• [Assignment]: Would you copy exactly the lines in the data below from the one that has "FILE PHOTO: A" through the one that has "Used 2026 Genesis G70 2.5T RWD image 28", dropping any pictures?

• [Data shown]:
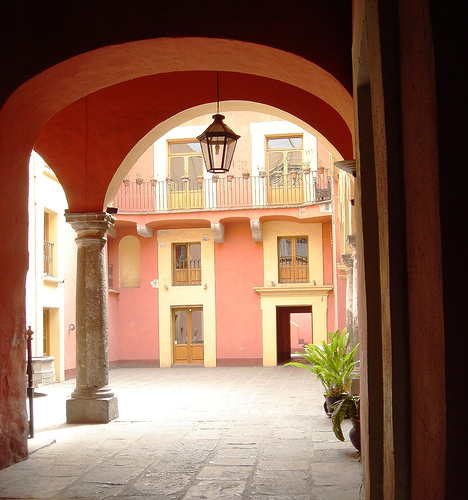 Imágenes Arte Pinturas INTERIOR DE CASA ANTIGUA MEXICO OLEO LIENZO Imágenes Arte Pinturas INTERIOR DE CASA ANTIGUA MEXICO OLEO LIENZO
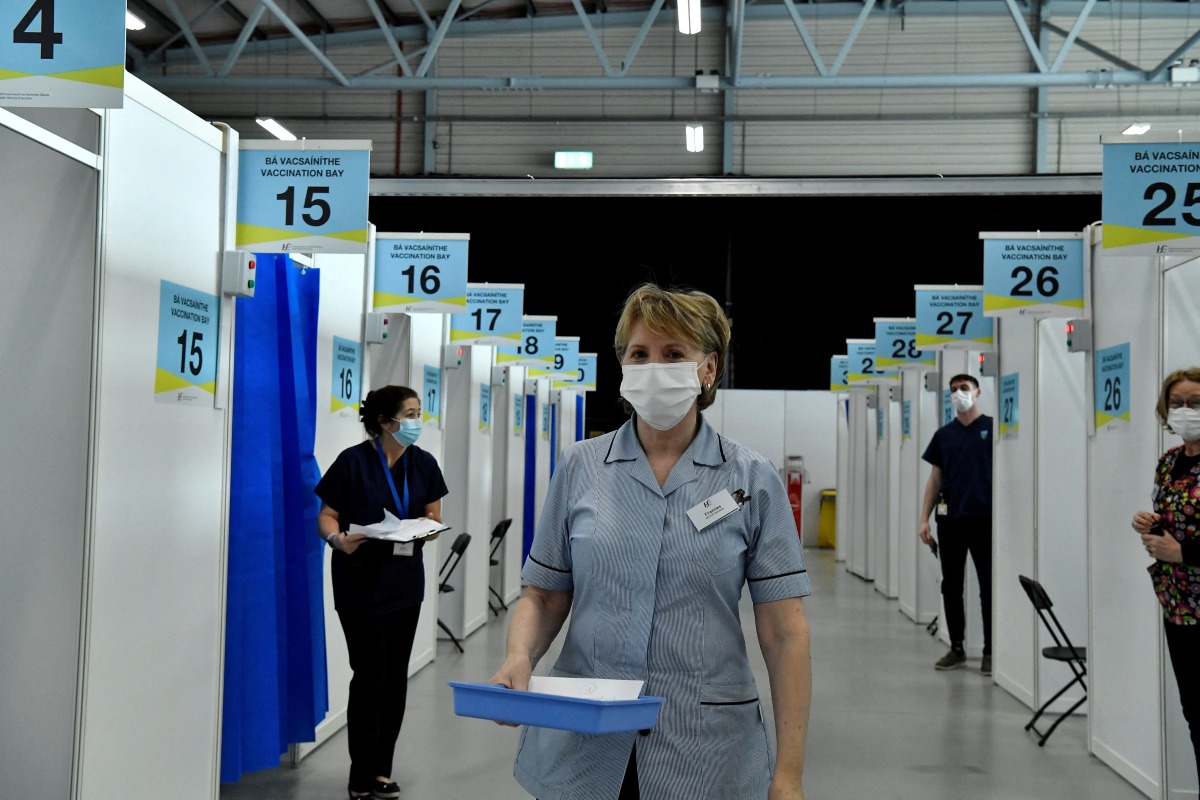 FILE PHOTO: A nurse Frances Whyte brings a tray of Moderna coronavirus disease (COVID-19) vaccine boosters to a bay for a person to be vaccinated at the RDS (Royal Dublin Society) vaccination centre in Dublin, Ireland, January 12, 2022. REUTERS/Clodagh Kilcoyne/File Photo
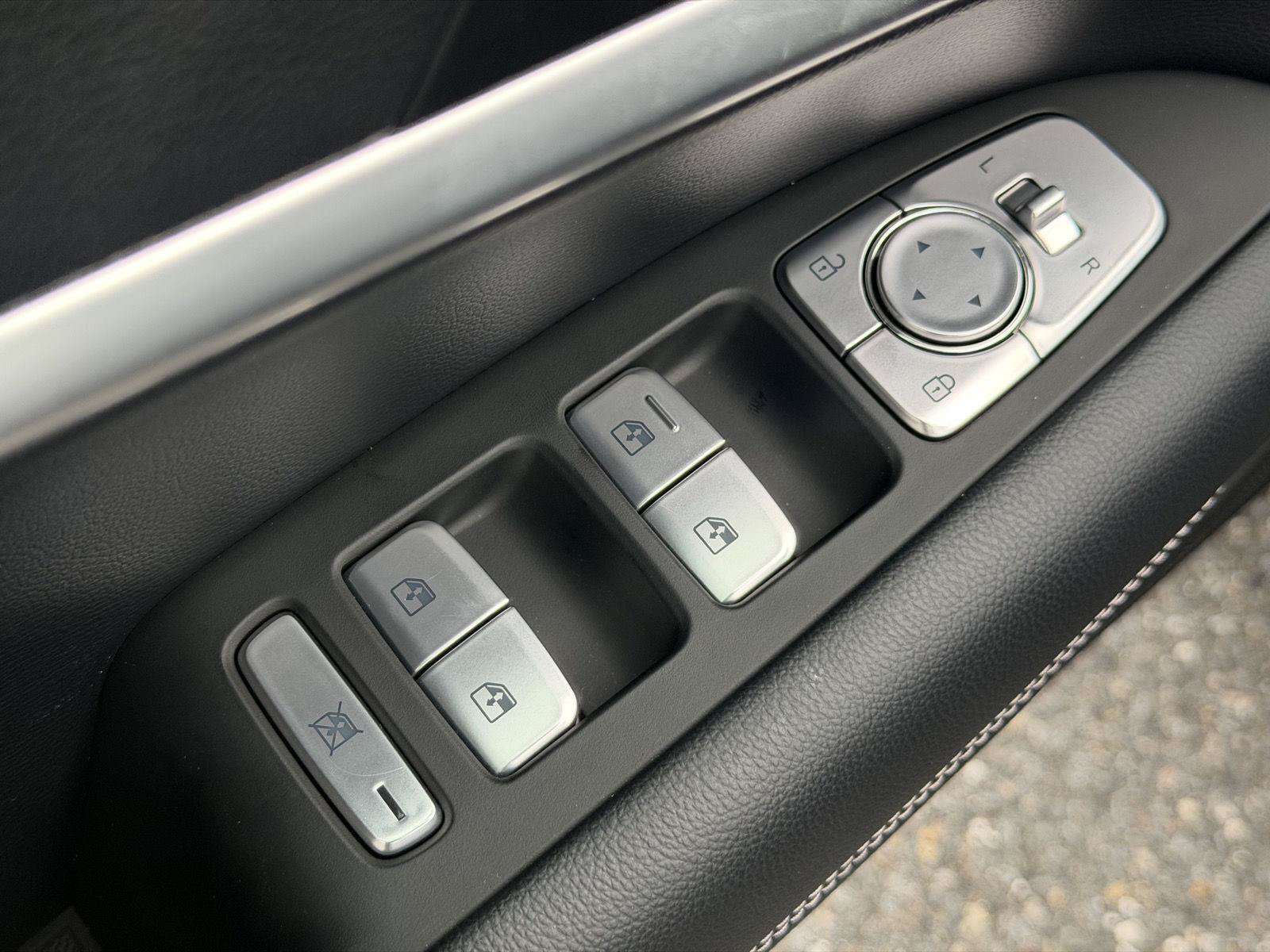 Used 2026 Genesis G70 2.5T RWD image 28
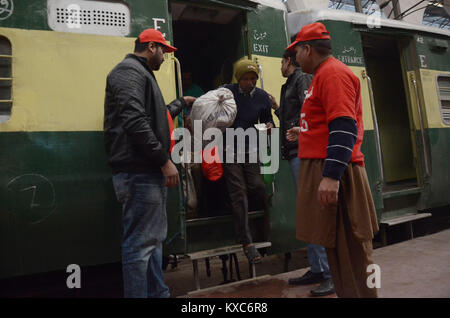 Indische Fischer kommen an einem Bahnhof, nachdem Sie von einem Gefängnis in Karachi als Geste des guten Willens in die Warteschlange board Veröffentlicht in Bussen auf den Weg für ihre Heimat Indien Kreuzung über wagha Grenze in Lahore. Pakistan Behörden 147 indische Fischer als Geste des guten Willens für das Übertreten hielt in seiner Hoheitsgewässer freigegeben, sagten Beamte. Indische und Pakistanische Fischer sind regelmäßig in Gewahrsam genommen für die illegale Fischerei seit dem Arabischen Meer Grenze ist nicht eindeutig definiert und viele Boote nicht über die Technologie, Ihre genaue Position zu fixieren. (Foto von Rana Sajid Hussain/Pacific Press) Stockfoto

• [Answer space]:
 FILE PHOTO: A nurse Frances Whyte brings a tray of Moderna coronavirus disease (COVID-19) vaccine boosters to a bay for a person to be vaccinated at the RDS (Royal Dublin Society) vaccination centre in Dublin, Ireland, January 12, 2022. REUTERS/Clodagh Kilcoyne/File Photo
 Used 2026 Genesis G70 2.5T RWD image 28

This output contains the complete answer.